# Records
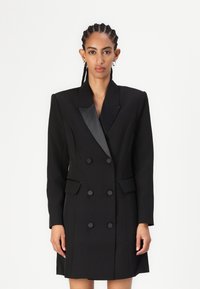 Короткое платье Короткое платье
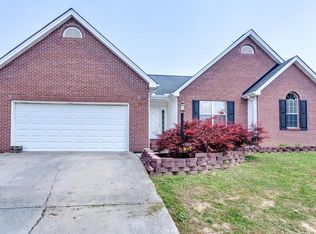 6408 Staten Ln, Knoxville, TN 37918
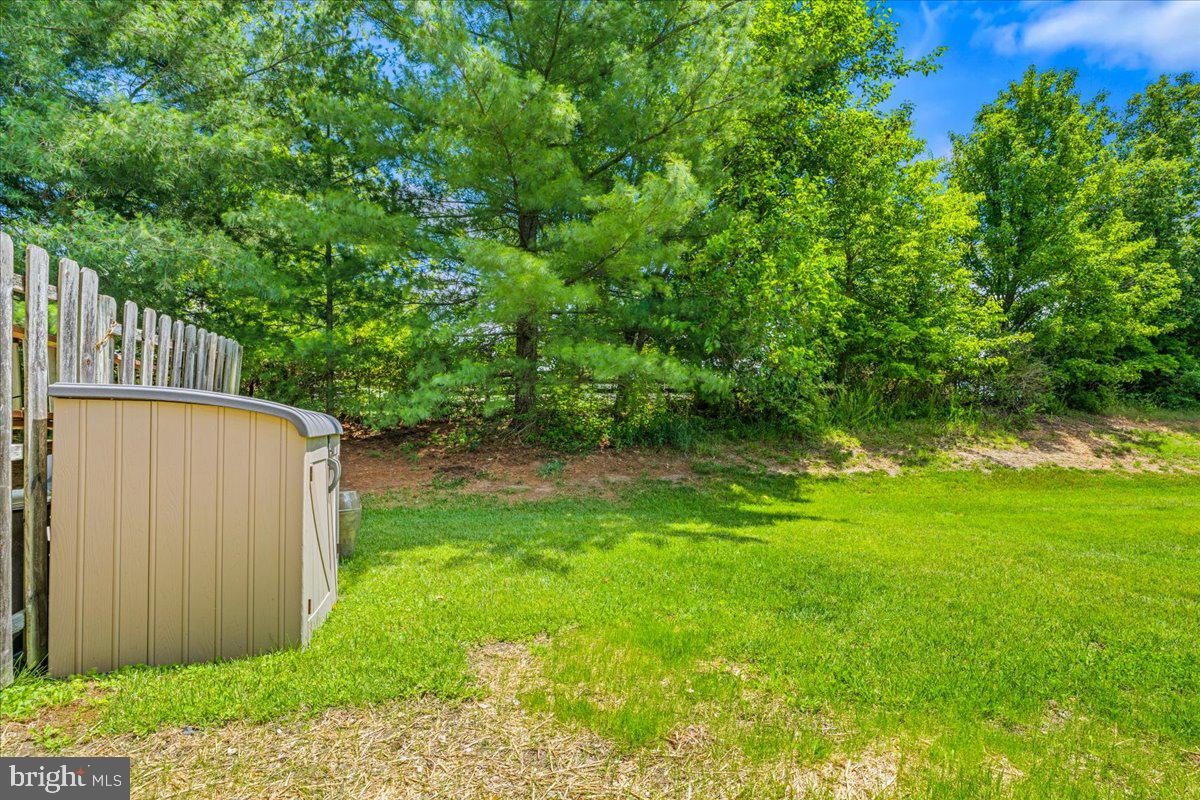 9245 Ridgefield Cir Property Photo 36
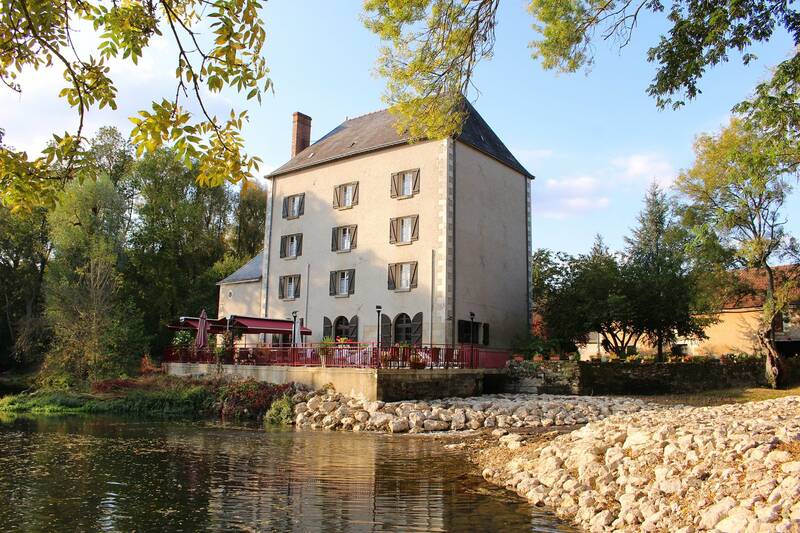 Restaurant Le Moulin Fleuri Veigné accepte les chiens à Veigne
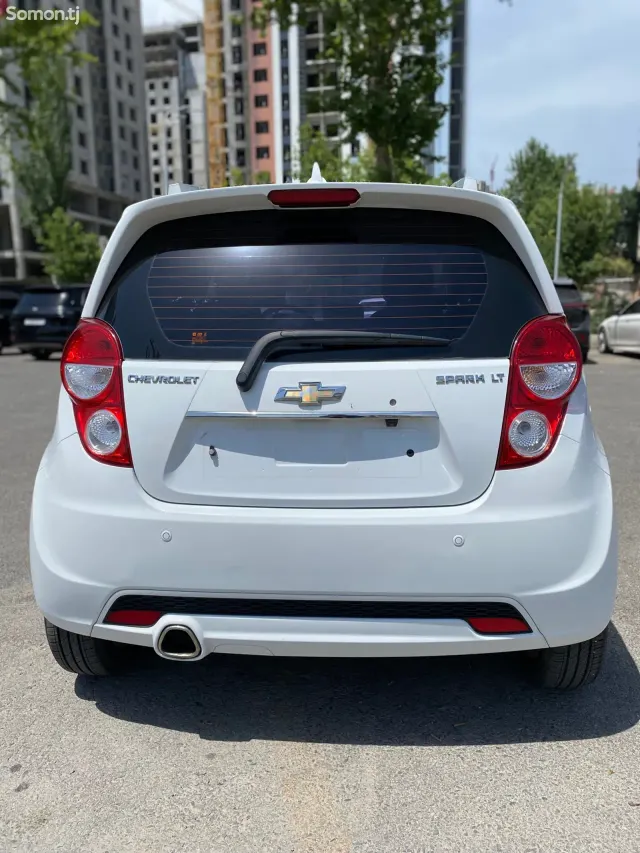 Chevrolet Spark 2014 · 1.0 AT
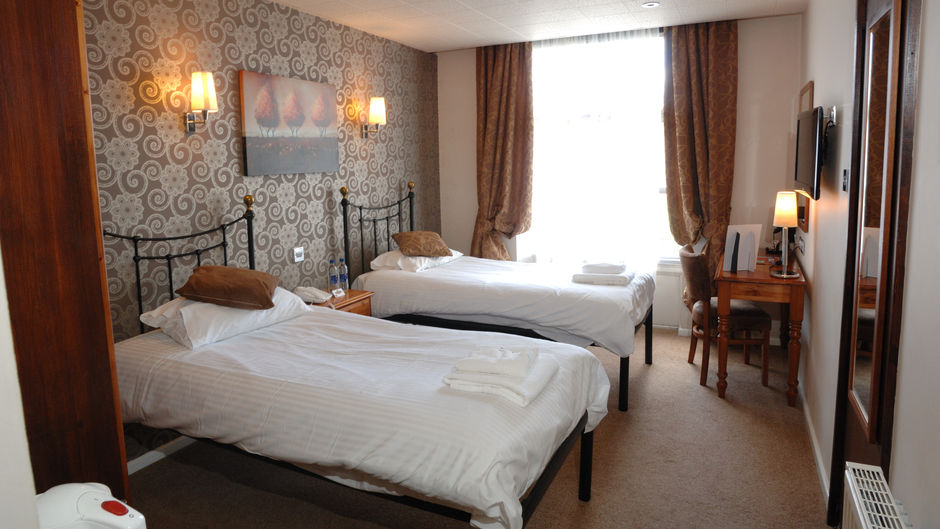 White Hart Marstons Inns Room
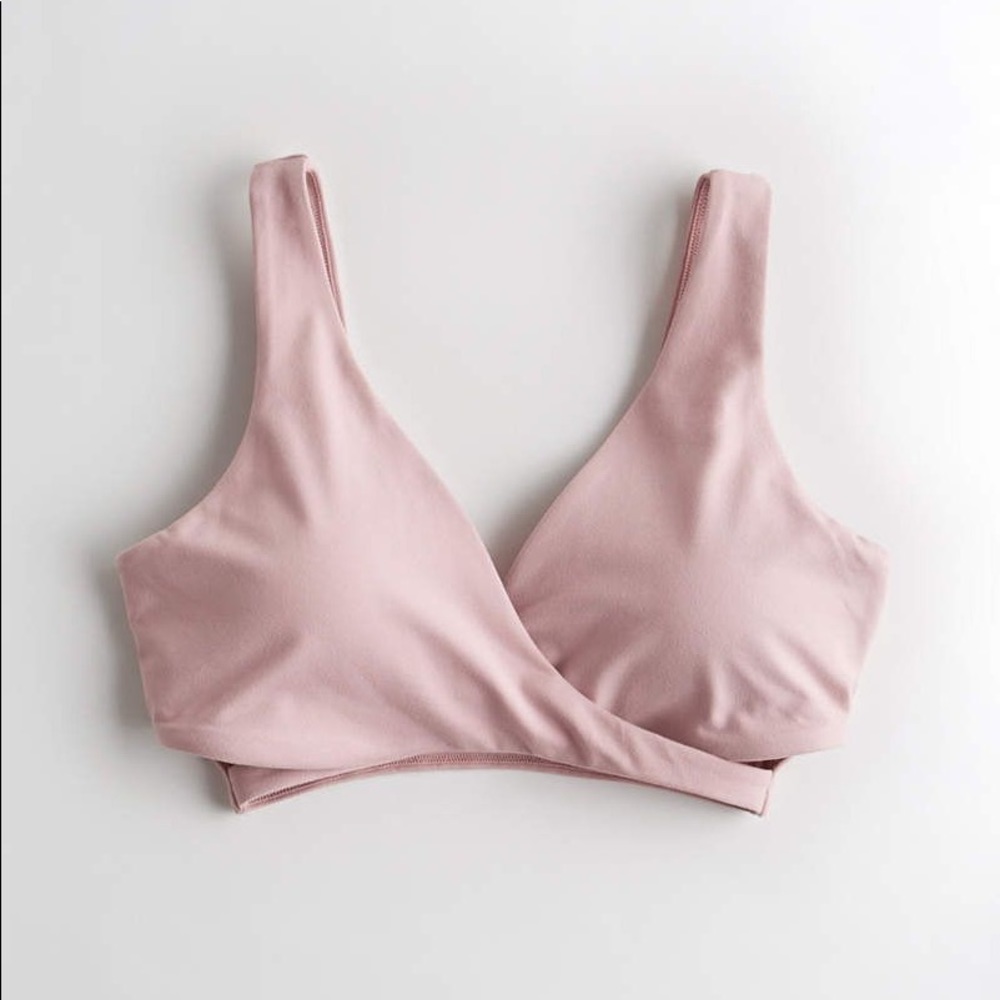 NWT Gilly Hicks Go Recharge Wrap Sport Bralette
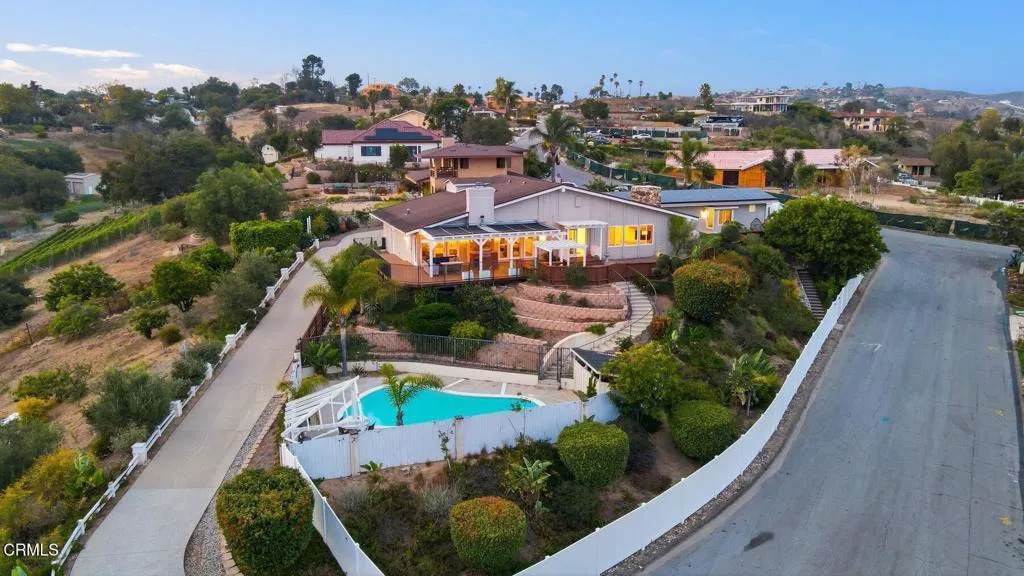 585 Otero Court - Photo 1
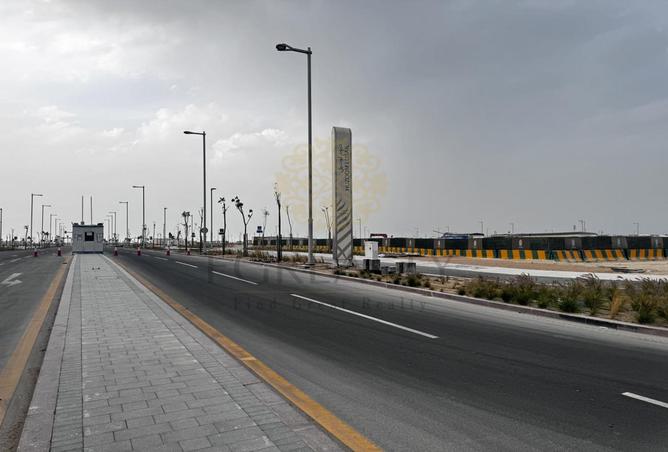 982362 - Property Image 2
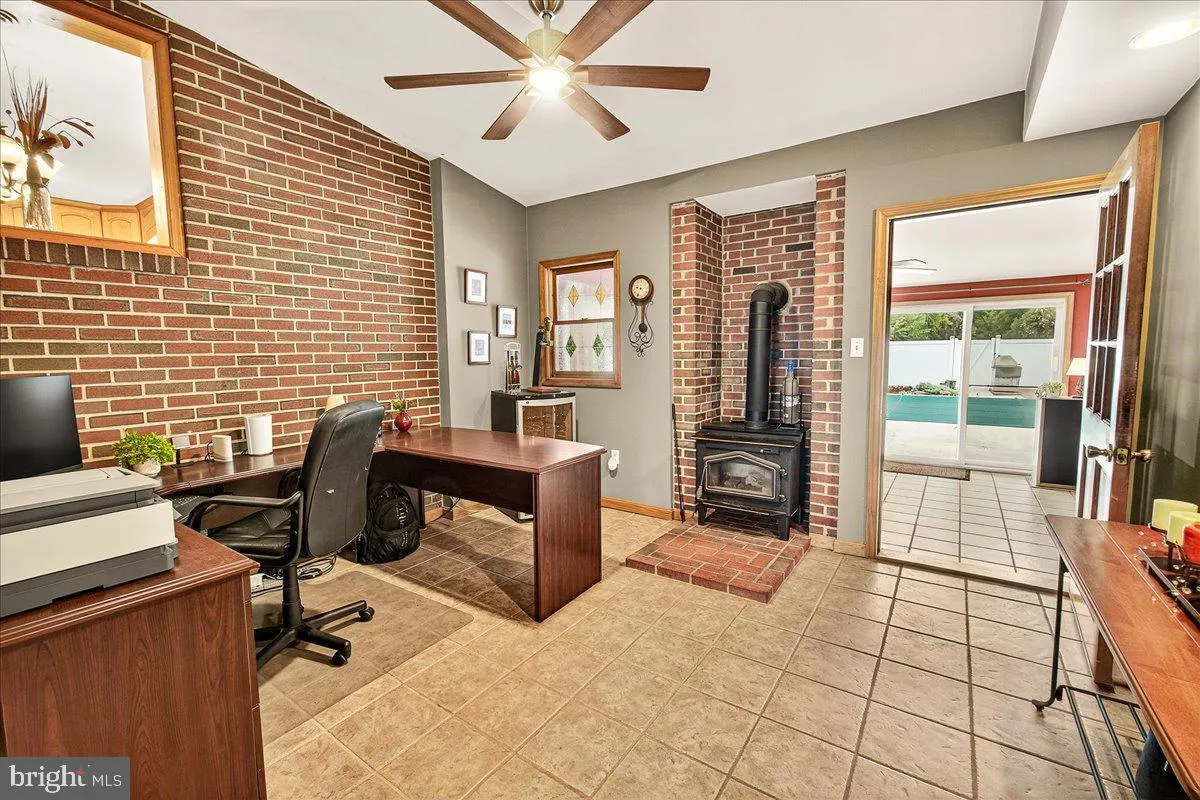 Frederick, Maryland 21702, United States, 3 Bedrooms Bedrooms, ,2 BathroomsBathrooms,Residential,Active,196670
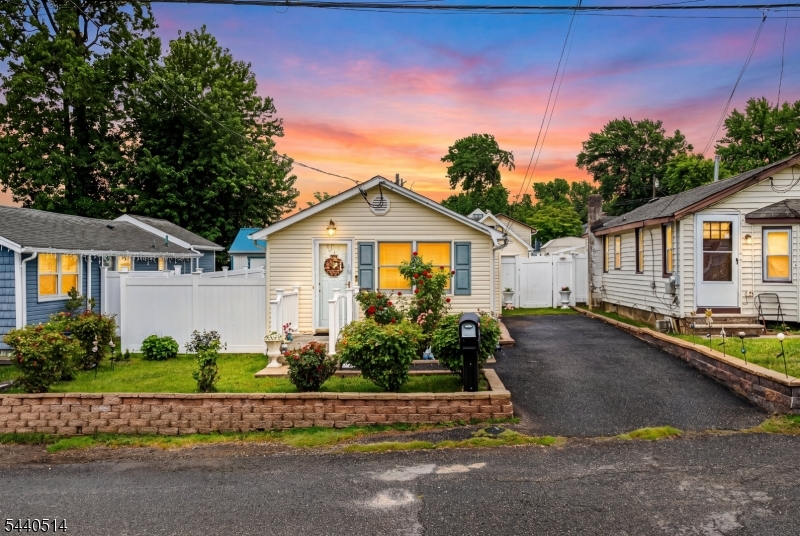 Welcome to 77 Pacific Blvd! This lovingly maintained 3 bedroom, 1 bath home offers comfortable living with a nice size garage and a beautifully kept backyard enclosed by a white vinyl fence. Enjoy being just minutes from the bay, local parks, waterfront activities, shopping, dining, and convenient ferry transportation to New York City. The property is being sold as-is, presenting an excellent opportunity to make it your own while enjoying a fantastic location. Keyport mailing address but is in Old Bridge, section of Middlesex.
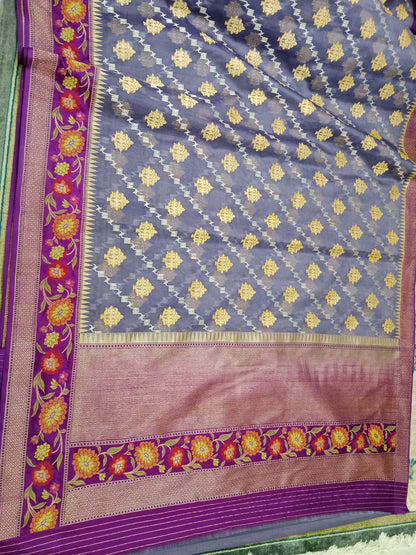 Ektra silk kora jamdani katan border with kaduwa body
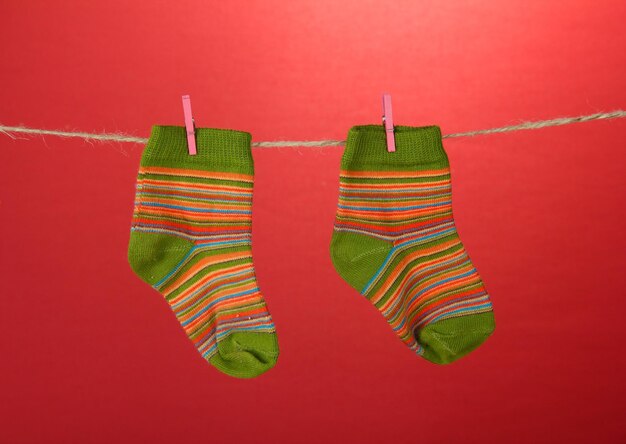 Foto meias coloridas penduradas no varal na cor de fundo
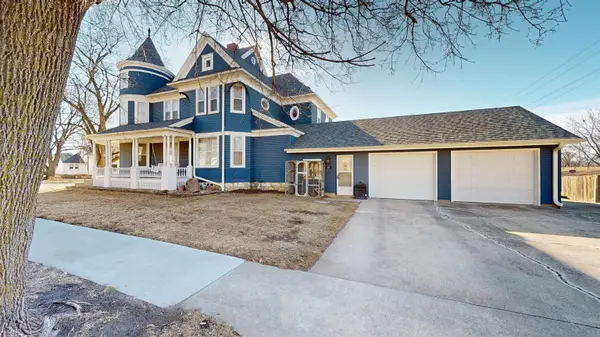 302 W 2nd St, Alta, IA 51002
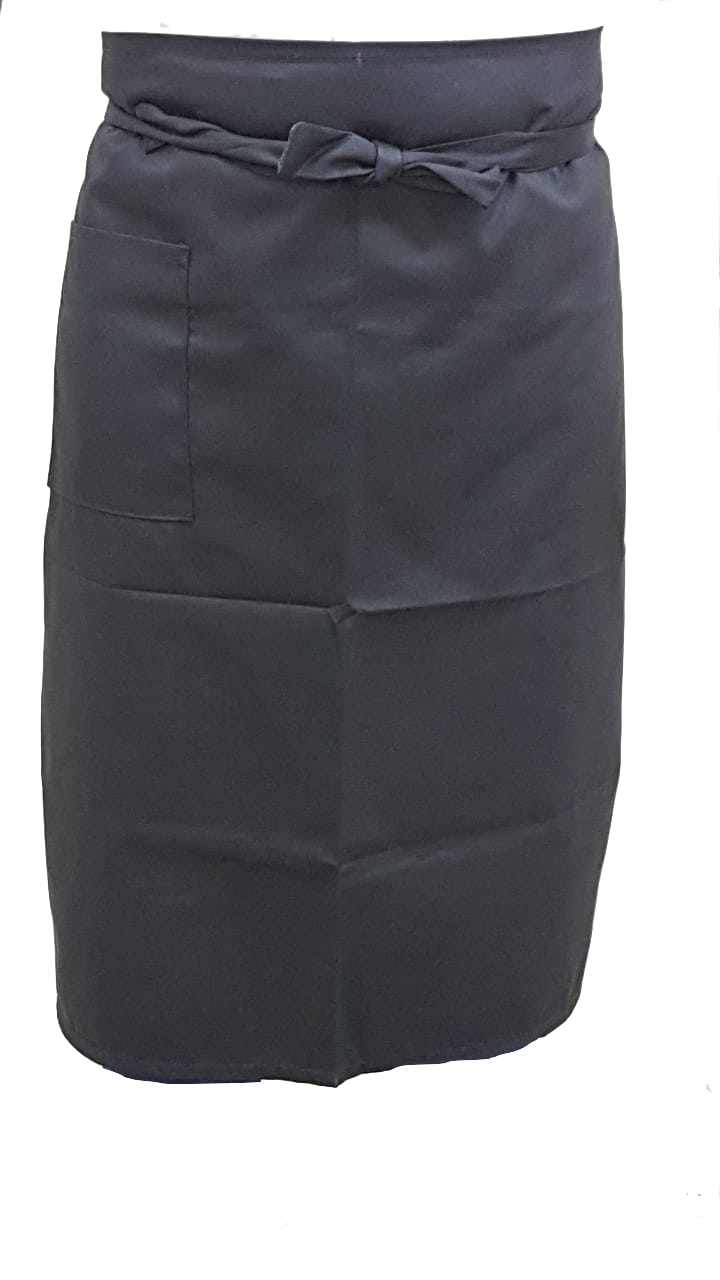 medio mandil negro.png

# Requirement
Please copy, exactly as written, the lines from the one that contains "6408 Staten Ln, Knoxville, TN 37918" through the end of the records, both ends included. Do not include the pictures.

# Exercise solution
 6408 Staten Ln, Knoxville, TN 37918
 9245 Ridgefield Cir Property Photo 36
 Restaurant Le Moulin Fleuri Veigné accepte les chiens à Veigne
 Chevrolet Spark 2014 · 1.0 AT
 White Hart Marstons Inns Room
 NWT Gilly Hicks Go Recharge Wrap Sport Bralette
 585 Otero Court - Photo 1
 982362 - Property Image 2
 Frederick, Maryland 21702, United States, 3 Bedrooms Bedrooms, ,2 BathroomsBathrooms,Residential,Active,196670
 Welcome to 77 Pacific Blvd! This lovingly maintained 3 bedroom, 1 bath home offers comfortable living with a nice size garage and a beautifully kept backyard enclosed by a white vinyl fence. Enjoy being just minutes from the bay, local parks, waterfront activities, shopping, dining, and convenient ferry transportation to New York City. The property is being sold as-is, presenting an excellent opportunity to make it your own while enjoying a fantastic location. Keyport mailing address but is in Old Bridge, section of Middlesex.
 Ektra silk kora jamdani katan border with kaduwa body
 Foto meias coloridas penduradas no varal na cor de fundo
 302 W 2nd St, Alta, IA 51002
 medio mandil negro.png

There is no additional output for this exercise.